Illustrating the growing concern in healthcare over protecting patients' personal information and safety from hackers, the American Hospital Association Feb. 20 announced it was creating a new position to advise the group on cybersecurity issues. The association, in a press release, announced it has hired John Riggi, a former FBI cybersecurity expert.
"Cybersecurity is on the top of every health leader's mind," AHA President and CEO Rick Pollack said in the release. "And John is nationally recognized as one of the best experts out there on healthcare cybersecurity."
After a 30-year career in the FBI, Riggi worked with the AHA to develop the group's cybersecurity education initiatives while leading the consulting firm BDO USA's cybersecurity and financial crimes practice.
While serving with the FBI's cyber division, he led a national program to work jointly with healthcare and other critical infrastructure to exchange information around national security and criminal cyberthreats, the release said.
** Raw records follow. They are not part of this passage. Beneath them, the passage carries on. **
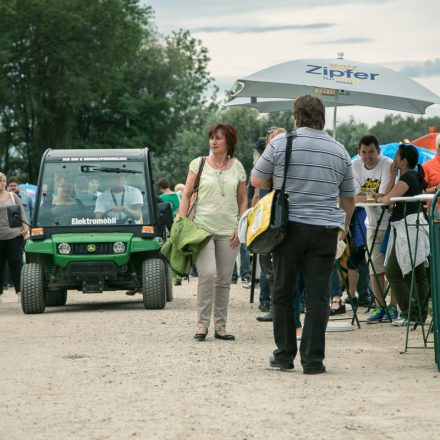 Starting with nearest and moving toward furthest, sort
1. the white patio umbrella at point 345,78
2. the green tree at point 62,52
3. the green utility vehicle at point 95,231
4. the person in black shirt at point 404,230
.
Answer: the person in black shirt at point 404,230 → the white patio umbrella at point 345,78 → the green utility vehicle at point 95,231 → the green tree at point 62,52

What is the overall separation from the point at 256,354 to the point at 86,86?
41995mm

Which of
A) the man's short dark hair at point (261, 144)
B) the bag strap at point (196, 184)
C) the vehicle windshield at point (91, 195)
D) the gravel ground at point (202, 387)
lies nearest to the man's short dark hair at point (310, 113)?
the gravel ground at point (202, 387)

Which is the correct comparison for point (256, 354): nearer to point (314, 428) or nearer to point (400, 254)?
point (400, 254)

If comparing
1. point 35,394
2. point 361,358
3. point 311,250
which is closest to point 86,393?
point 35,394

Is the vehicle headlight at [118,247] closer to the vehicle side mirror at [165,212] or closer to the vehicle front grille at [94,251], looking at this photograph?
the vehicle front grille at [94,251]

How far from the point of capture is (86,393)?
8.35m

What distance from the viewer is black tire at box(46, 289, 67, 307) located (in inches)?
664

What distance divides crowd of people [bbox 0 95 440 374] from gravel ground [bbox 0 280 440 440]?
12.0 inches

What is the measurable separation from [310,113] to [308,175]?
43cm

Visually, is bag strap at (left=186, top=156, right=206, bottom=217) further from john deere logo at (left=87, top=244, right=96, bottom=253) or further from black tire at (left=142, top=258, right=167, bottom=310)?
john deere logo at (left=87, top=244, right=96, bottom=253)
A 2017 Symantec Corp. study found that 65% of health care officials said their organizations spent 6% or less of their IT budgets on security, less than half of what government and financial institutions spend.
A separate 2017 report by a health care cybersecurity task force created by Congress found that "most health care organizations face significant resource constraints as operating margins can be below one percent. Many organizations cannot afford to retain in-house information security personnel, or designate an information technology staff member with cybersecurity as a collateral duty."
Many of the organizations do not have the tools to identify and track threats, and have older computer systems with "large numbers of vulnerabilities and few modern countermeasures," the report said.